We found the article by Erwin Blackstone, Larry Darby, and Joseph Fuhr, Jr. (“The Case of Duopoly,” Winter 2011–2011) an interesting and useful piece on the lack of empirical or theoretical support for the market structure/performance relationship. Economists focused on antitrust have understood the difficulties in showing such a relationship for decades, but the piece rightly showed how this result extends even to duopolies.
Antitrust Regulators and the Chicago School
Starting with the Reagan revolution, Chicago school insights have dramatically reformed merger policy. A sample of data from the Federal Trade Commission indicates that, between 1993 and 2010, the agency challenged three-to-two mergers only 78 percent of the time—a high fraction, of course, because often a third firm does provide a strong competitive constraint to the other two, but far from the 100 percent one would expect under the old Structure-Conduct-Performance (S‑C-P) school. (See Malcolm B. Coate, “Benchmarking the Upward Pricing Pressure Model with Federal Trade Commission Evidence,” Journal of Competition Law and Economics, Vol. 7, No. 4 (December 2011.))
In our view, several factors account for this shift. First, in the 1970s, the Chicago school revolution exposed the intellectual bankruptcy of the S‑C-P paradigm. Over time, courts came to accept the bulk of the Chicago analysis. Because merger review is effectively law enforcement, the federal antitrust agencies had to follow suit, with the consensus growing in the post-Reagan era.
Second, politicians understood, at least implicitly, that these changes were good for them. An active market for corporate control—easy entry and exit from asset ownership—encourages investment by reducing the risk of being locked into failing assets and encourages efficiencies in asset ownership that maximize the value of those assets. These factors are good for the stock market and, with the shift from defined benefit to defined contribution pension plans, good for the middle class. While Republicans have generally supported business, an entire class of “Dow Jones” Democrats, led by President Bill Clinton, arose to support the idea that economic growth is good for America—and, more importantly (to them), good for political careers. Recent natural experiments in which some professional politicians deviated from the consensus on non-antitrust issues have proved the risk of seriously advocating archaic populist rhetoric. Today, real populism involves more of an attack on “crony capitalism” than big business.

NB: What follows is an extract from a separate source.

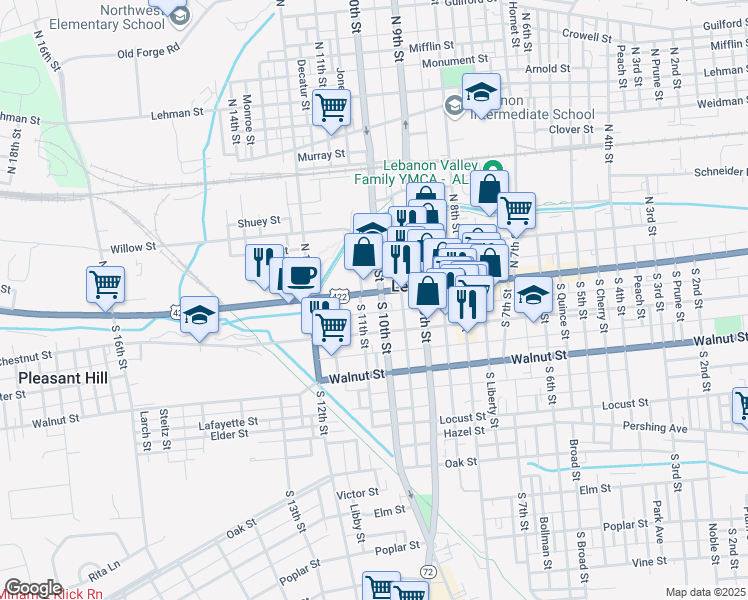 map of restaurants, bars, coffee shops, grocery stores, and more near 15 North 10th Street in Lebanon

Third, a regulatory approach based more on in-depth, case-by-case analysis of competition within a market, rather than a cookie-cutter approach that summarily condemns high concentration, had great appeal to the antitrust bar. Lawyers representing merging firms could get more deals through while simultaneously increasing billable hours for the more extensive analysis that the regulators expected. The revolving door nature of bureaucracy left the antitrust agencies staffed with past or future members of the defense bar. While there may be a fringe of true believers left who may occasionally find themselves in positions of authority within the agencies, even attorneys with a pro-enforcement bias don’t want to kill the goose that lays the golden egg.
Lastly, because the Chicago challenge to S‑C-P was two-pronged, involving conceptual questions and empirical tests, an effective challenge to the Chicago school that reinvigorates the S‑C-P paradigm would likewise require theory and empirics to make the point that structure does matter, or matters a great deal in four-to-three or three-to-two mergers. However, industrial organization academics have largely abandoned careful empirical work regarding structure/performance relationships (one exception involves a series of retrospectives done by FTC economists, focusing principally on the petroleum industry, but also including the case study of the Heinz/Beech-Nut baby food merger that Blackstone, Darby, and Fuhr cite). Instead, these academics focus on increasingly complex game-theoretic models of competition. The problem with this research is that the resulting claims of welfare reductions from mergers are weakened by the number of assumptions, some of which are impossible to check, embedded in the models. (For more on this, see our 2009 paper “Daubert, Science, and Modern Game Theory: Implications for Merger Analysis,” SSRN # 1268386, Supreme Court Economic Review [forthcoming].) Some of these models could be applicable to specific cases when the market-specific facts line up with a particular model (and, we argue in our paper, the model is empirically validated with data from the market), but the models are far from general propositions about the relationship between structure and performance. Overall, Chicago school analysis remains the controlling intellectual authority in antitrust.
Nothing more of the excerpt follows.